───── Data ─────
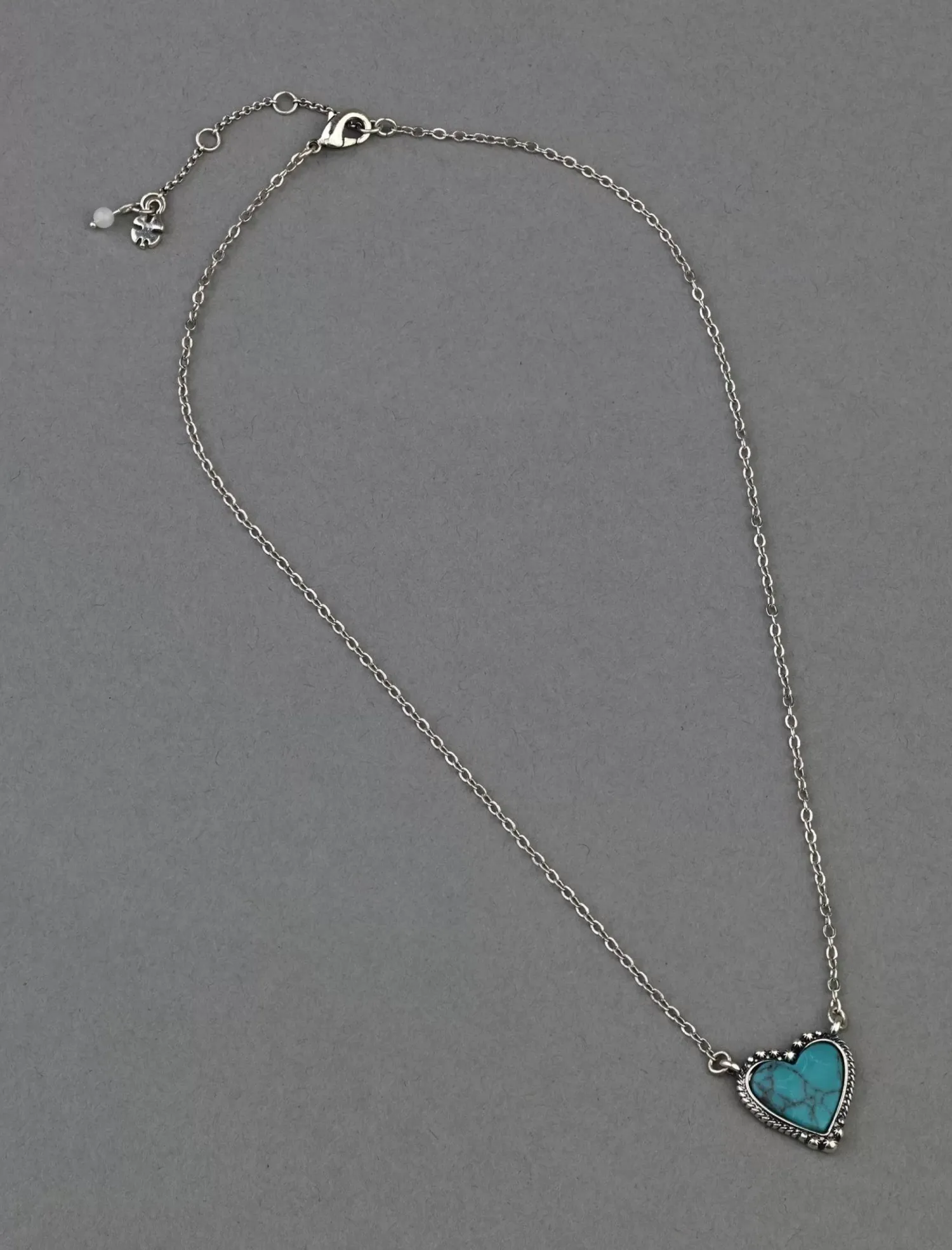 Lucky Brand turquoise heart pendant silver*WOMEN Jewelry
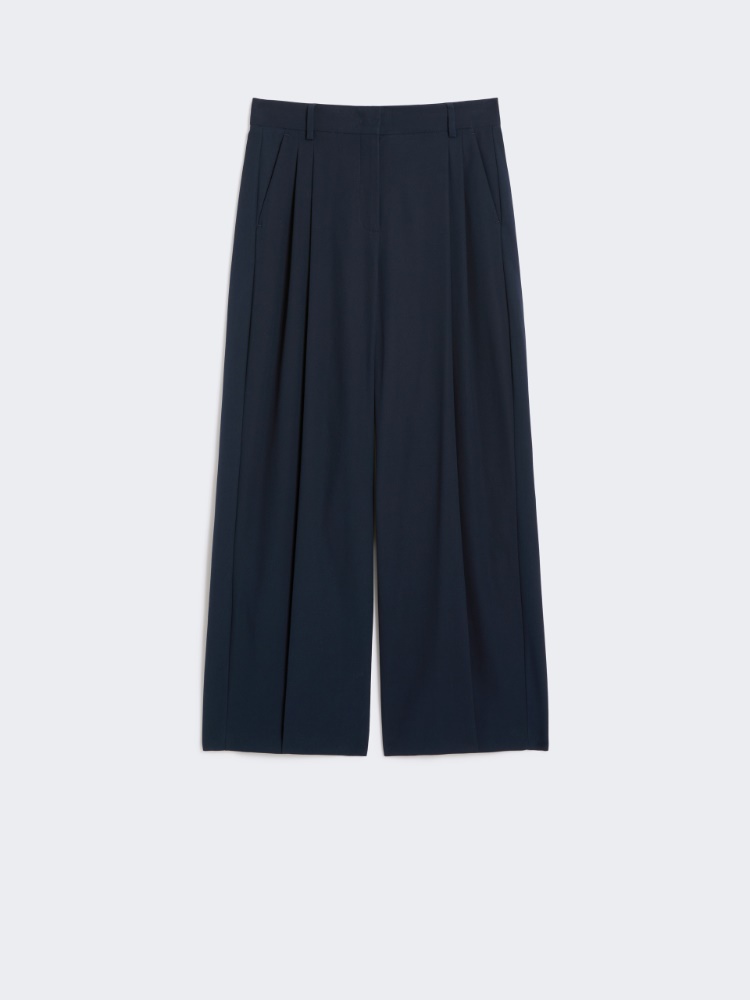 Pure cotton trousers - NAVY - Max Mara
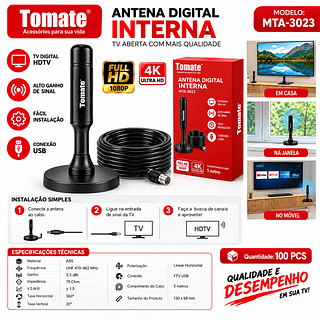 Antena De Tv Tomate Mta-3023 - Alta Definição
─────
**Problem to solve**
Could you copy the listing exactly, leaving out any pictures?

**Finished task**
 Lucky Brand turquoise heart pendant silver*WOMEN Jewelry
 Pure cotton trousers - NAVY - Max Mara
 Antena De Tv Tomate Mta-3023 - Alta Definição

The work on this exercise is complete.